Firms, trade group helped fund GOP legislators’ retreat


When Republican state legislators decided last month that they needed to escape Sacramento and kick back in a more relaxed environment to hash out issues, they headed for a luxury beach resort in Santa Barbara.

Such sojourns don’t come cheap, so oil and tobacco firms and other companies that are pressing an agenda in the Capitol funneled $120,000 to a group that picked up much of the tab. About 25 Republican senators and Assembly members and a dozen aides attended the retreat at Fess Parker’s Doubletree Resort.

The three-day event featured a budget briefing and included a tour of the nearby Ronald Reagan ranch, gift bags worth up to $299 each, gourmet meals and a cocktail reception where lawmakers mingled with a dozen lobbyists.

Senate Republican leader Dennis Hollingsworth of Murrieta solicited the $120,000 from 11 trade groups and businesses including Anthem Blue Cross, tobacco company Altria and oil firms Chevron and Plains Exploration & Production. Another contributor was the Pechanga Band of Luiseño Indians, which operates a casino in Temecula under a compact with the state.

The donations were made through a nonprofit called the Council for Legislative Excellence, which is headed by the wife of a legislative aide, according to the organization’s most recent tax filing.

Legislators said the financial arrangement allowed the retreat to be held without cost to the state. But it drew objections from Kathay Feng, executive director of California Common Cause, who likened it to “money laundering.” The contributions amounted to “buying access by interested parties through a third-party conduit,” Feng said.

Hollingsworth did not return calls from The Times, and his representatives declined to say what the retreat cost. But his spokesman Hector Barajas said he believes some money was left over and would be applied toward future events. Barajas also noted that leaders from both parties, including the governor, do similar fundraising.

“There is a firewall between legislation and money raised for various events,” he said.

Democratic lawmakers solicited $14,000 in 2008 to cover gourmet meals, rooms and cocktails for a retreat at a wine country hotel that 24 of them attended. The event included a reception that also drew eight Senate Republicans. The money came from the California Professional Firefighters, the Consumer Attorneys of California and the Northern California Carpenters Regional Council.

Barajas said most of the Republican lawmakers paid for their own hotel rooms in Santa Barbara, many from accounts made up of political contributions. The Council for Legislative Excellence helped rent meeting rooms and pay for meals and receptions, he said.

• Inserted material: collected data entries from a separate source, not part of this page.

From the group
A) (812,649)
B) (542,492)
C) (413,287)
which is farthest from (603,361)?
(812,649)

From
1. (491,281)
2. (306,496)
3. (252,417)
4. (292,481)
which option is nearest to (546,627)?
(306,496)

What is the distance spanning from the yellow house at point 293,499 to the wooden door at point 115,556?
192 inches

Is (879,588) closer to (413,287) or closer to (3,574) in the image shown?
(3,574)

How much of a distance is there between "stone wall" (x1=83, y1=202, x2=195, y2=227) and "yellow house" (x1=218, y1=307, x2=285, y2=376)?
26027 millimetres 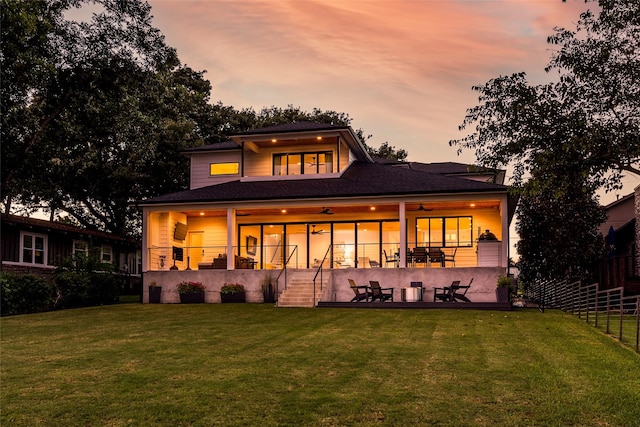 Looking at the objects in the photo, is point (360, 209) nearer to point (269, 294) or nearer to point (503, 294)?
point (269, 294)

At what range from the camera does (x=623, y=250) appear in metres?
38.5

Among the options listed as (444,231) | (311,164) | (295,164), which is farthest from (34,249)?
(444,231)

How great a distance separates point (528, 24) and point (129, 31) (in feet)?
48.4

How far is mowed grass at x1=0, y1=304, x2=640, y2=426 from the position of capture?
8.27m

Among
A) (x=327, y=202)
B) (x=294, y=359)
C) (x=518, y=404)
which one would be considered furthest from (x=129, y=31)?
(x=518, y=404)

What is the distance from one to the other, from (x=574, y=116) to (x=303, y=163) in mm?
15808

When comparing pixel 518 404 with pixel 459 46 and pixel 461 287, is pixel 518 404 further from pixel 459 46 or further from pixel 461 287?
pixel 459 46

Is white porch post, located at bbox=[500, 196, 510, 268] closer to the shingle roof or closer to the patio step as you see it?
the shingle roof

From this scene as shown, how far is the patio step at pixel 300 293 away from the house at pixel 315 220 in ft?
0.46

The council also gave those who attended the retreat a gift bag that included a $150 briefcase, cuff links for the men and charm bracelets for the women, one lawmaker said.

Some legislators said they did not know who footed the bill for the retreat and did not feel pressured by lobbyists who attended.

“I didn’t know who paid for it,” said state Sen. Tony Strickland (R-Thousand Oaks). The important thing, he said, is that all financial details be disclosed publicly, “and let the people decide what they think about it.”

Lawmakers said they expect a written account of the gifts so they can properly report the information.

Lobbyists who attended the reception included a representative of Chevron, according to company spokesman Sean Comey. Chevron and Altria were the biggest donors, giving $25,000 each to the council. Both actively lobby lawmakers on bills before the Legislature.

Altria has for years fought proposals to raise the state’s tobacco tax. The latest such proposal died last year in a legislative committee after Republicans voted against it.

Chevron and other oil companies have long battled a proposed oil-extraction tax. One such proposal was vetoed last year by Republican Gov. Arnold Schwarzenegger.

Asked why Chevron donated the money for the retreat, Comey said, “We wanted to attend the event and we made the contribution.” He added that the firm supports such conferences for legislators of both parties “to facilitate their ability to reinvigorate the economy.”

Plains Exploration would have been the major benefactor of a bill last year to open the door to more oil drilling in the Tranquillon Ridge field off the coast of Santa Barbara County. Fourteen of the 15 Republicans in the state Senate voted for the legislation. The bill failed, but the proposal is back in Schwarzenegger’s proposed budget for the next fiscal year.

The company sent a representative to the retreat “to get the message out on the Tranquillon Ridge project,” Plains Exploration spokesman Steve Rusch said.